Ci sono situazioni in cui, invece, la realtà che non vogliamo accettare riguarda la nostra vita. Diverse ricerche, tuttavia, hanno provato che reprimere le proprie emozioni porta solo a stare peggio in seguito. Questo è vero sia alla luce del fatto che un qualsiasi disagio, finché non viene affrontato, rimane al nostro fianco passo dopo passo, seppure in forme diverse, sia in virtù di uno studio pubblicato sul sito della NIH (National Institutes of Health), agenzia del Dipartimento della Salute e dei Diritti Umani degli Stati Uniti. In quest’ultima sede è stato infatti dimostrato che gli individui che accettano piuttosto che giudicare le proprie esperienze mentali possono raggiungere una migliore salute psicologica, in parte perché l’accettazione li aiuta a provare emozioni meno negative in risposta ai fattori di stress.
- Come evitarla
La mindfulness, cioè letteralmente la consapevolezza, è una delle pratiche più funzionali. A discapito del classico luogo comune, non chiede di mettersi a gambe incrociate, appoggiare il dorso delle mani sulle ginocchia, unire pollice ed indice e fare un paio di respiri profondi affinché la mente sia libera: in realtà, ha puntualizzato lo psicologo Ty Lostutter, non si tratta di non avere pensieri, ma di lasciarli entrare e poi farli andar via. Riconosci quando i tuoi pensieri vagano, ci spiega, e cerca di riportare la mente al presente. Concentrati sul tuo respiro. Quando si allontanano di nuovo da te, riportali indietro delicatamente.
Un secondo mezzo di cui disponiamo è il nostro modo di vedere i sentimenti: piuttosto che concentrarci solo su come ci fanno sentire, possiamo iniziare a pensarli come strumenti. Tutte le emozioni hanno uno scopo e nascondono informazioni utili su come stiamo nel mondo che, per essere colte, hanno bisogno che ci concediamo quantomeno di provarle. Bisogna poi quindi riconoscerle, cercare di capirne la provenienza e imparare a gestirle.
Infine, specificatamente in relazione al rapporto con gli altri, è utile mettere in chiaro quello di cui abbiamo bisogno e ciò che, confidandoci, cerchiamo: in molte occasioni, infatti, più che di una lista di consigli o frasi fatte, quello che ci fa sentire meglio è sapere di essere ascoltati da qualcuno.

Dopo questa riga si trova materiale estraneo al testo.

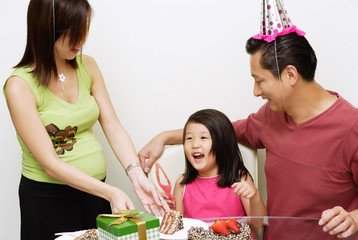Family with one child celebrating a birthday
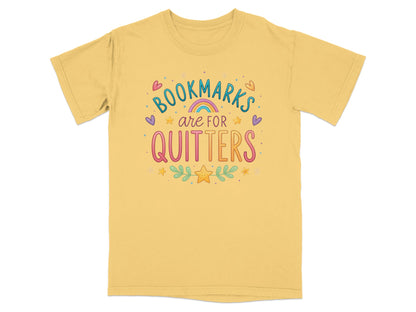 Yellow t-shirt with colorful "Bookmarks are for quitters" text and playful accents.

Essere felici, insomma, non significa tanto non attraversare brutti momenti ed avere sempre il sorriso sulle labbra, quanto concedersi una vita piena di ogni tipo di emozione. E poi, per quanto una dieta sana con pasti instagrammabili, un fisico tonico, i capelli luminosi e un impiego ben pagato possano essere indici di benessere, non saremo mai davvero in salute finchè non avremo affrontato i nostri conflitti interiori, i traumi del passato e tutto ciò che, in un modo o nell’altro, ci rallenta e ci fa star male.